▶ _ABOUT THIS EXERCISE_
Restate every line of the material below word for word, skipping the images.

▶ _RECORD SET_
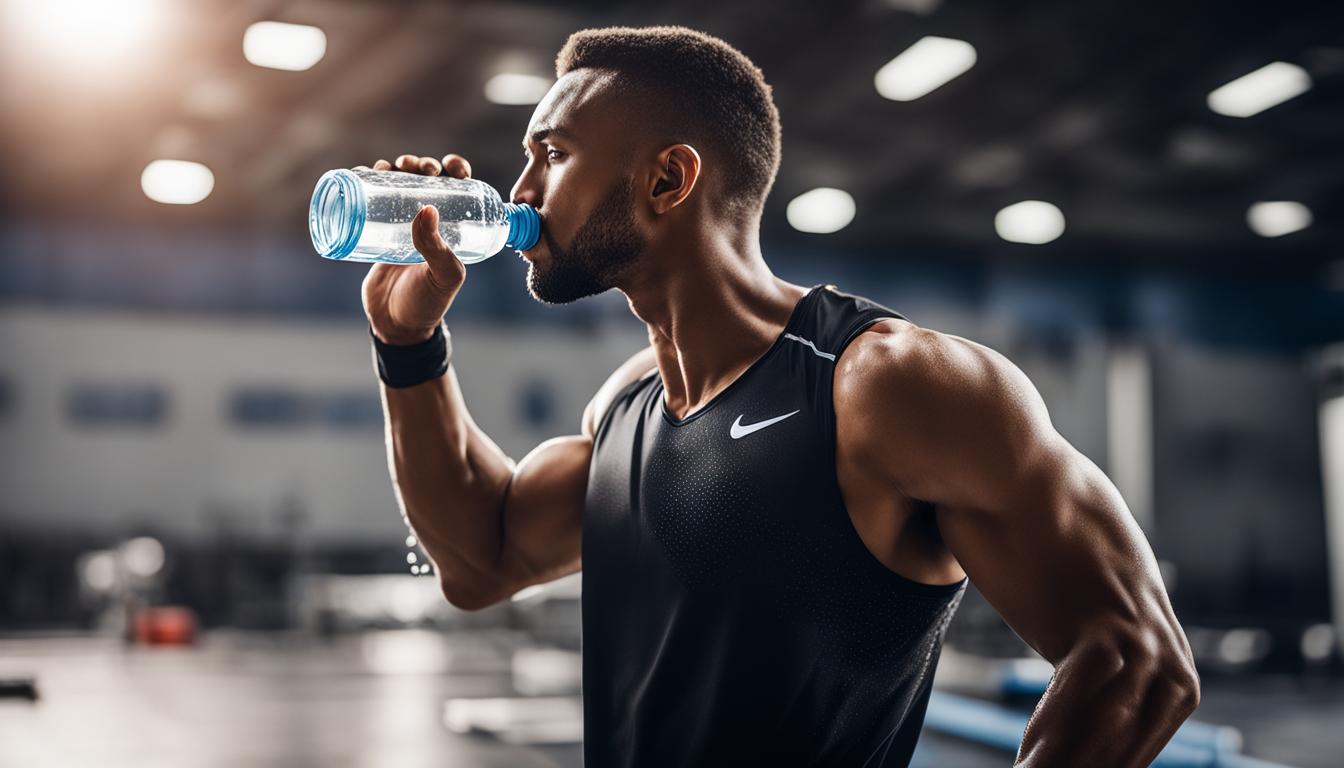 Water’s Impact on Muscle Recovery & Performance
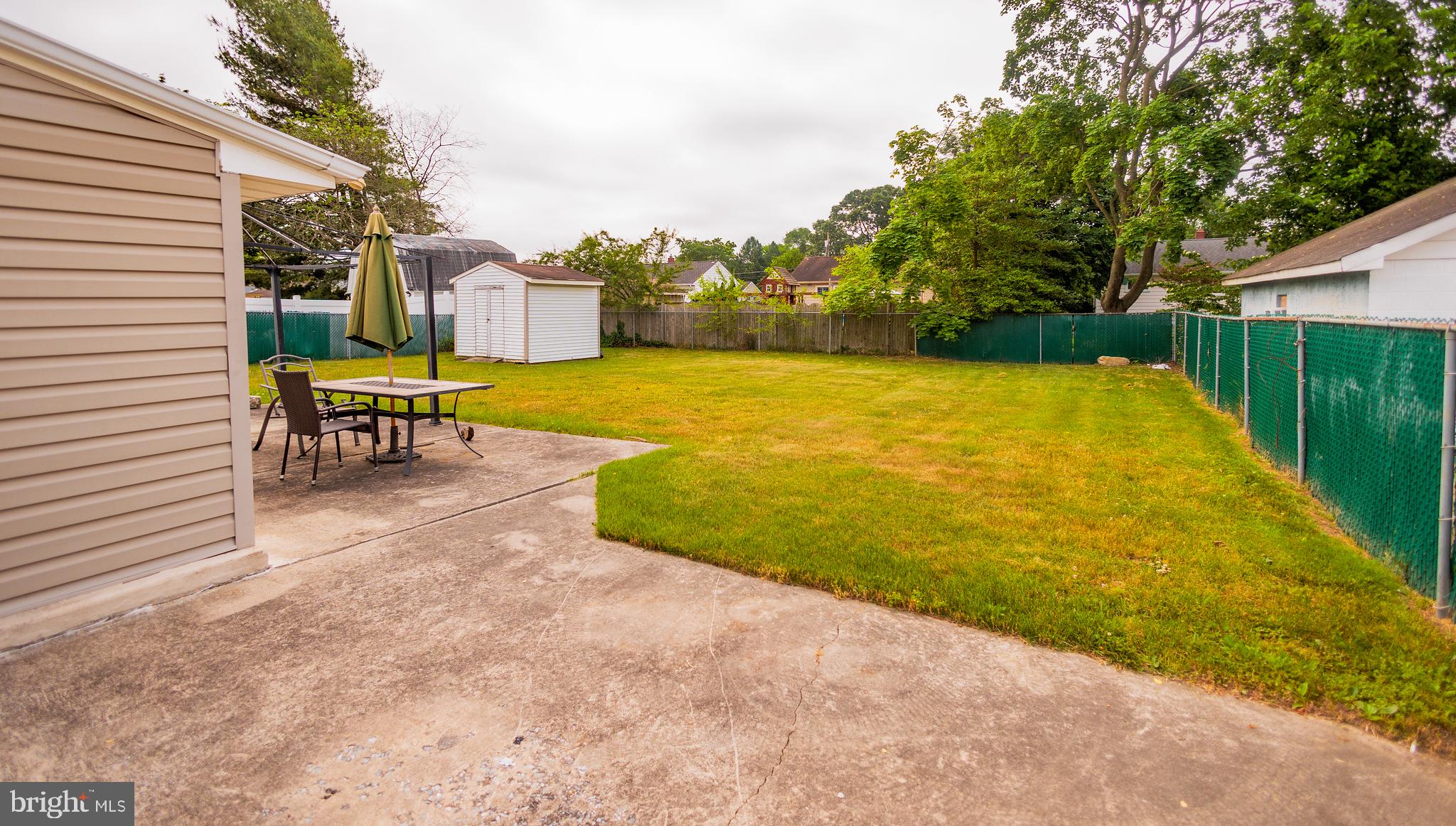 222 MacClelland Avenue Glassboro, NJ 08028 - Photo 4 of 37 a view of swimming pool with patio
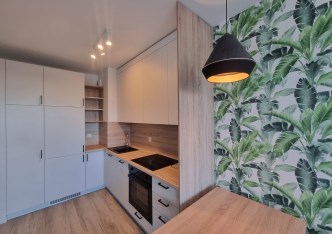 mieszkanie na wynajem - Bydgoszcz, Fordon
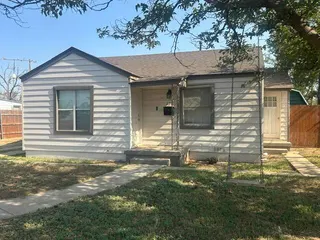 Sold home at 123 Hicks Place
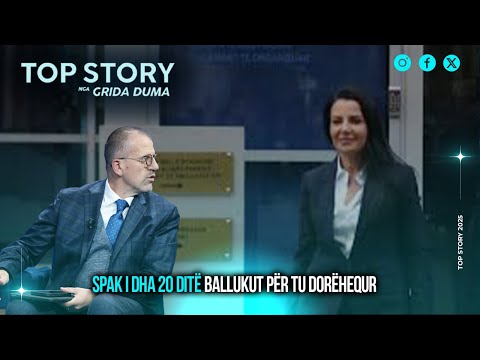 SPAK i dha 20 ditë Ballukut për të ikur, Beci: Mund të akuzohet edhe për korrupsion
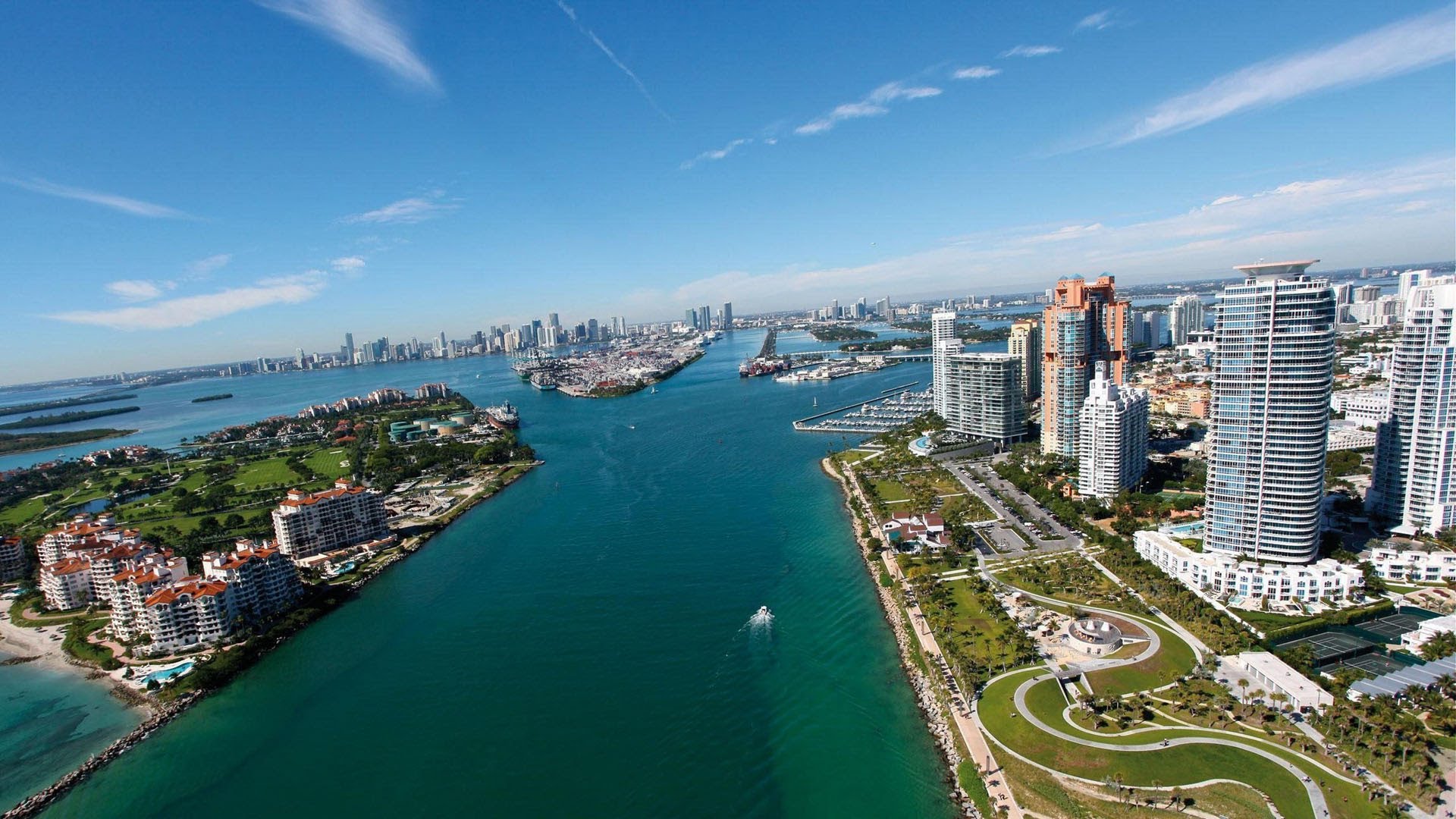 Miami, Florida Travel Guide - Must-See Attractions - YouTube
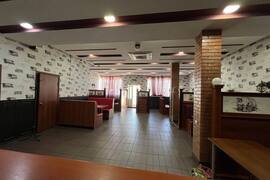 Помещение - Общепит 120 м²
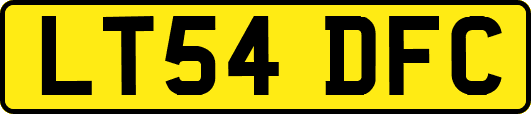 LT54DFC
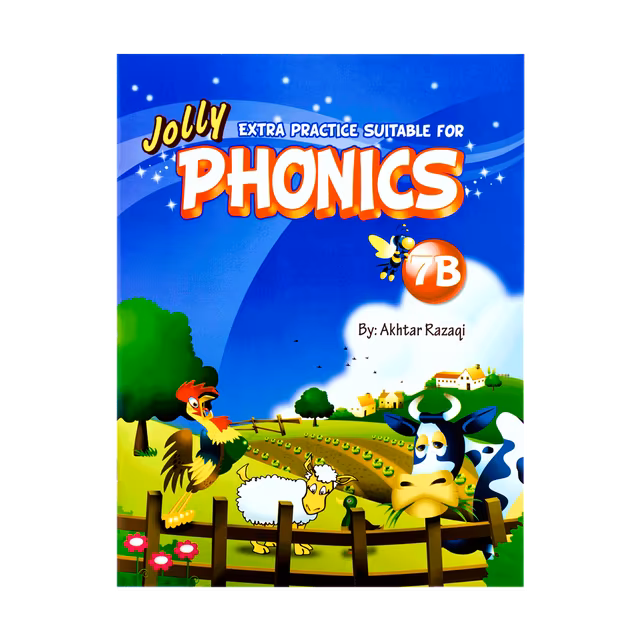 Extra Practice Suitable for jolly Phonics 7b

▶ _OUTPUT FOR THIS TASK_
 Water’s Impact on Muscle Recovery & Performance
 222 MacClelland Avenue Glassboro, NJ 08028 - Photo 4 of 37 a view of swimming pool with patio
 mieszkanie na wynajem - Bydgoszcz, Fordon
 Sold home at 123 Hicks Place
 SPAK i dha 20 ditë Ballukut për të ikur, Beci: Mund të akuzohet edhe për korrupsion
 Miami, Florida Travel Guide - Must-See Attractions - YouTube
 Помещение - Общепит 120 м²
 LT54DFC
 Extra Practice Suitable for jolly Phonics 7b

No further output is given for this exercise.